Proseguono i sopralluoghi della regione in tutto il territorio per individuare delle strutture alberghiere idonee ad accogliere eventuali pazienti covid asintomatici o con bassa sintomatologia.

Il "covid hotel" sta rappresentanto in tutta Italia una delle possibili soluzioni per decongestionare la rete ospedaliera e trattare, fuori dalla propria abitazione, i pazienti covid asintomatici o con bassa sintomatologia. Anche in Umbria prosegue l'individuazione di strutture idonee all'accoglienza di persone da porre in isolamento. 

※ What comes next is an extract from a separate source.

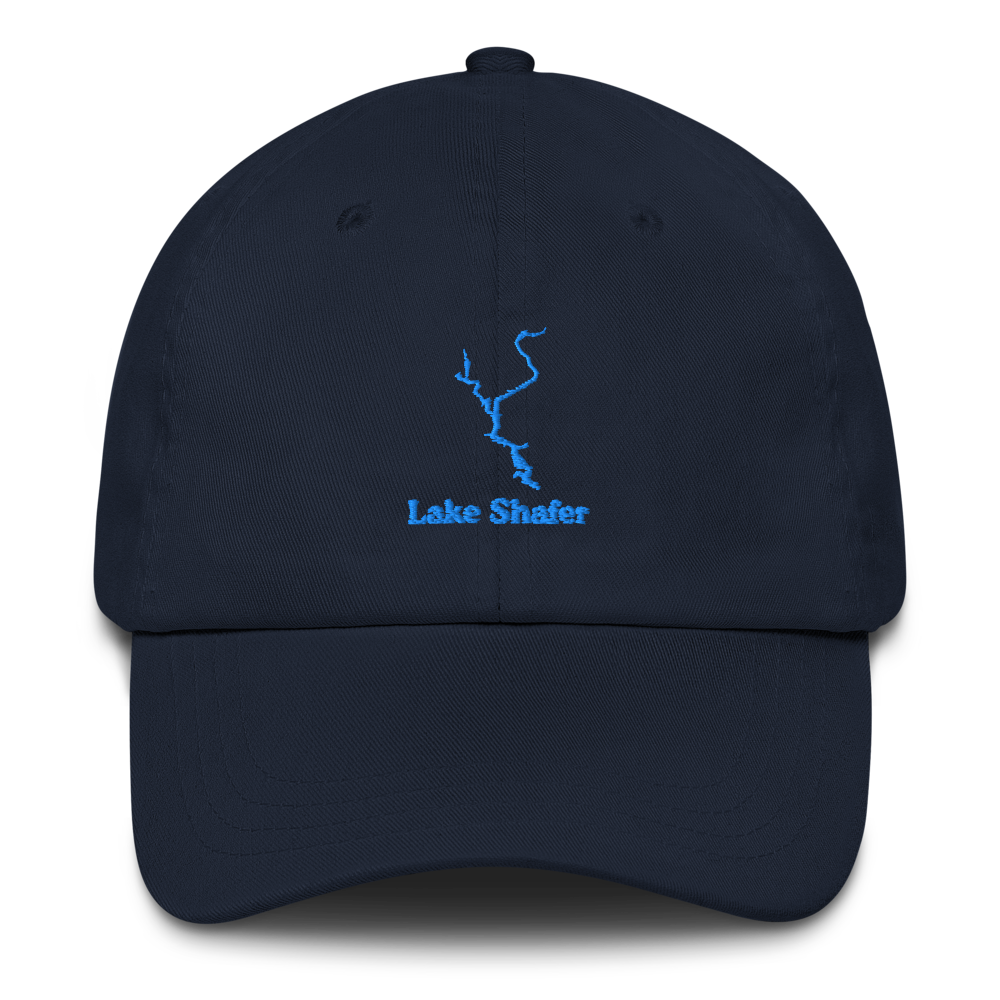 Lake Shafer Embroidered Hat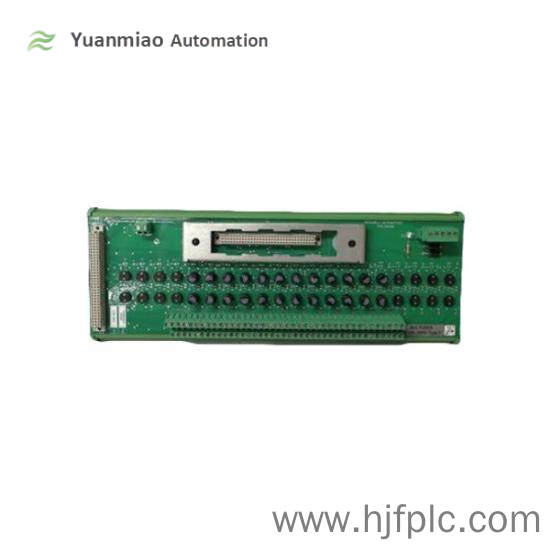 T8800  ICS Triplex  Trusted 40 Channel 24V DC Digital Input FTA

"Finora sono oltre 30 le strutture disponibili sul territorio regionale, delle quali 11 sono risultate idonee". Fa sapere l’assessore regionale alla protezione civile, Enrico Melasecche. “Continuano sul territorio regionale i sopralluoghi e le valutazioni del sistema regionale sanitario e di protezione civile per selezionare le strutture ricettive disponibili per i ‘covid hotel’ ed è stata intanto firmata la convenzione quadro con le associazioni di categoria maggiormente rappresentative del settore alberghiero, che hanno risposto positivamente all’iniziativa della regione, per attivarli in caso di necessità".

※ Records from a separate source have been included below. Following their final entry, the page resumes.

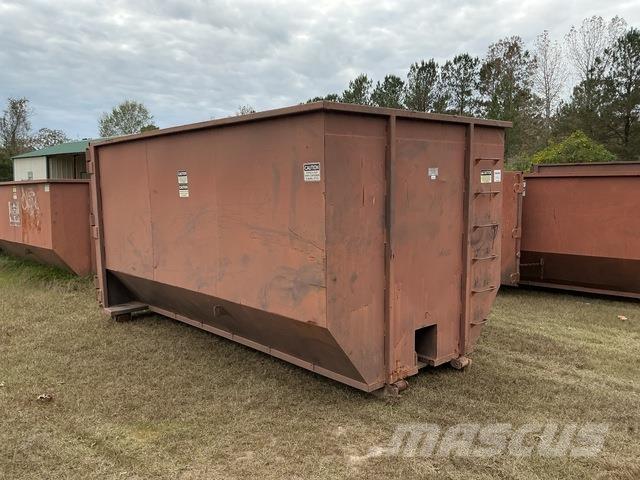  Nedland Shipping-containere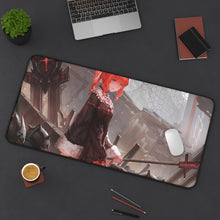 Load image into Gallery viewer, Pixiv Fantasia T Mouse Pad (Desk Mat) On Desk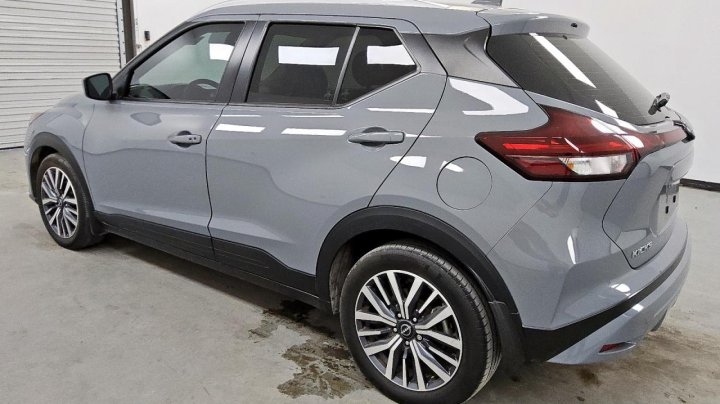 Nissan Kicks  2024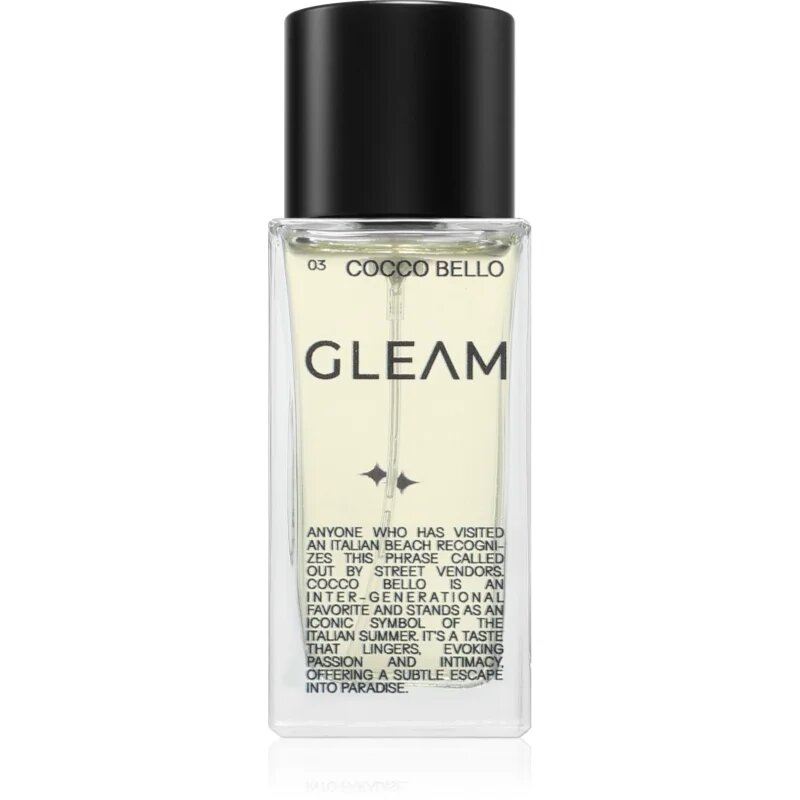 Gritti Gleam Coccobello parfumski ekstrakt uniseks 50 ml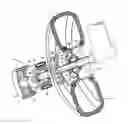 Fig. 01 - Method for rotationally driving an aircraft wheel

39,50 euro al giorno per negativi o in attesa di tampone costretti a stare fuori casa

Accedono ai "covid hotel" quei soggetti (non necessariamente residenti nel territorio del distretto dove si trova la struttura) covid positivi, asintomatici o paucisintomatici, impossibilitati a restare in isolamento domiciliare presso la propria abitazione;

Inoltre, i soggetti covid positivi (anche in questo caso, non necessariamente residenti nel territorio del Distretto dove si trova la struttura) dimessi da un ospedale della Regione clinicamente guariti, ma non ancora negativizzati o con dichiarazione di fine isolamento, che non possono continuare la quarantena a domicilio.

Possono accedere ai "covid hotel" anche quei soggetti negativi o in attesa di esito tampone che non dispongono di idonea soluzione abitativa per effettuare la quarantena prevista (fattispecie per cui, a meno di particolari situazioni di indigenza, è previsto il pagamento da parte dell’utente della tariffa calmierata di 39,50 euro giornalieri omnicomprensivi tra vitto e alloggio).

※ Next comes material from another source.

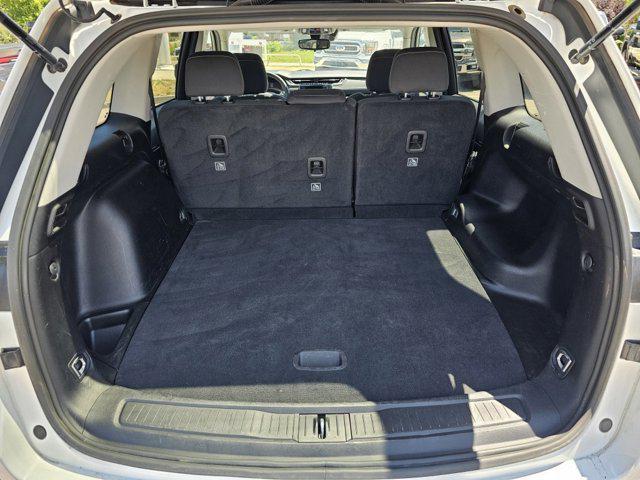 used 2023 Jeep Grand Cherokee car, priced at $26,597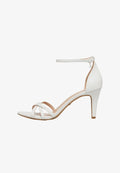 s.Oliver PUMPS - Sandals - weiß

Come avviene l'accesso alle strutture

I pazienti possono accedere ai "covid hotel" dall’ospedale o da Rsa covid dedicata, secondo modalità predefinite; dal territorio, tramite i medici di medicina generale che contatteranno il Punto unico di accesso di riferimento. L’assistenza sanitaria sarà garantita dai medici di medicina generale, anche tramite l’Usca (Unità Speciale di Continuità Assistenziale), con il supporto dei servizi distrettuali. La permanenza del paziente nella struttura avverrà fino alla dichiarazione di guarigione e/o di fine isolamento secondo quanto previsto dalla normativa vigente. Nel caso di pazienti covid positivi dovrà essere garantito il trasporto in condizioni di sicurezza.

I "Covid Hotel" attualmente attivi

Ad oggi i “covid hotel” attivi sono “Villa Muzi” a Città di Castello, messa a disposizione in comodato d’uso gratuito dalla Diocesi di Città di Castello, con 17 posti potenzialmente  disponibili di cui 3 attualmente occupati, e l’Hotel “Melody” a Deruta, con 52 camere disponibili, di cui 11 attualmente occupate.

Ulteriori strutture alberghiere sono al vaglio per individuare altri ‘covid hotel’ da attivare, in base alle future o specifiche esigenze dei singoli territori.